|Study of Hebrews|
By E.H. Jack Sequeira
It is accepted by all Christians that Hebrews eleven is the greatest chapter in all of the Bible on the subject of faith. The first six verses define for us what faith is. That is what we will cover in this study, the definition of faith. Our title for today is, “Faith Defined.” In verses seven to the end of the eleventh chapter we are told how faith works and how it was demonstrated in the lives of the men and women of God in the Old Testament. Paul uses these heroes of God as an encouragement to us that we should not give up as they did not give up.
Today we will look at the first six verses. Since there is so much confusion today in the Christian world on this one word, “faith,” I would like to begin by telling you what faith is not.
1. Faith is not positive thinking, which is the teaching of Shuler. The Bible doesn’t teach faith as positive thinking. That’s modern psychology. The Bible doesn’t teach it.
2. Faith is not a hunch that we follow after. Let me give you an illustration. A group of Adventists about four years ago had a hunch. The hunch was that the ark of the covenant was in a certain cave in Jordan. They went out there even under false pretence to try to find the ark under this hunch. Of course, it ended up in catastrophe because the Arab guide whom they employed reported them to the Jordanian government and we as a church got into trouble, real trouble. Maybe you did not know about it because they would not publish it in the Review [and Herald] but we nearly lost our credentials as a church in the country of Jordan. So faith is not a hunch. We must be careful what we do with our impressions or hunches. Let me give you another example.
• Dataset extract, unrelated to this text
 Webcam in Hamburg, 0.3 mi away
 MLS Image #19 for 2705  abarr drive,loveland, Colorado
We had a single worker in Ethiopia. When she first came to Ethiopia, I warned her, as I usually did new workers, that there are certain individuals who are experts at squeezing out of missionaries every dollar that they can get. One of them was an excellent actor. He could produce tears on the spur of the moment. He just had the knack. So he came to her and he said, “I lost my father and my mother (as the tears rolled down his face) and I have no one to look after me. Will you please take me under your wing?” The dear sister fell for it. At the end of two years, he had squeezed US$3,000 out of her. That is a lot of money when you think that the average Ethiopian earns about US$25-US$40 a year. I warned her. I said, “He is bluffing you. I know him. He goes to all missionaries. You are not the only one.”
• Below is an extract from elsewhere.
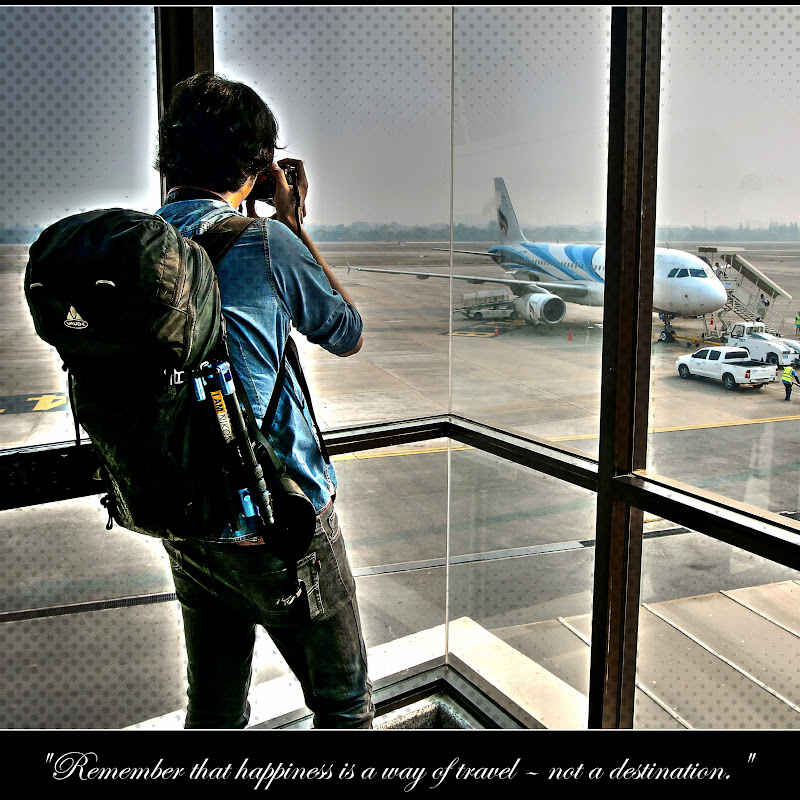 ชัยวัฒน์ สินรัตน์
She said, “I have a hunch. I have an impression that the Holy Spirit has led me to give him all this money.”
The devil has all kinds of ideas and it will feel like the Holy Spirit talking to you. Be careful. You have to ground your faith on something that is much more concrete than ideas that creep into your head. They may be very holy ideas. That is why verse six shows that faith always has an object. The object is the Word of God. I asked her, “Is this young man converted?”
She said “No.”
“What evidence do you have that he is not lying to you?”
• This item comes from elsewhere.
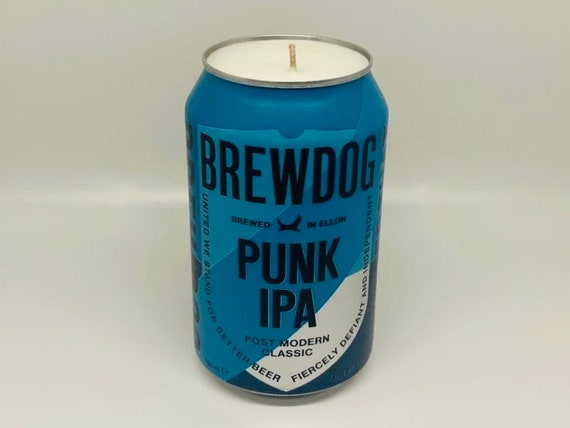 Brewdog gifts 2025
She said, “How can he lie to an old woman like me? He seems so sincere.”
So please be careful.
3. Faith is not a feeling. That’s number three. I am not sure of my salvation because I feel. There are many times that I feel like a miserable, wretched sinner. I don’t know about you, but I feel sometimes that I am the worst of all. Thank God that our feelings are not faith. I want to emphasize this because I tell you that the real issue in the time of trouble will be between your feelings and your faith. When things are well with you, your feelings and faith can be in harmony but when you face a crisis your feelings will say one thing and your faith will say another. You have to choose. Many people have left this church because they have let their feelings rule them. We are not saved by feelings.
Let me give you an example of a battle which I fight which I know that all of you have to fight because we are human beings. Human love is based on need, on the beauty of certain personalities. When a pastor comes into a church — and it doesn’t matter which church — or when a teacher comes into a classroom, there are some members or students they will take a liking to. There are others that you immediately dislike. There is something about their personality that rubs you the wrong way.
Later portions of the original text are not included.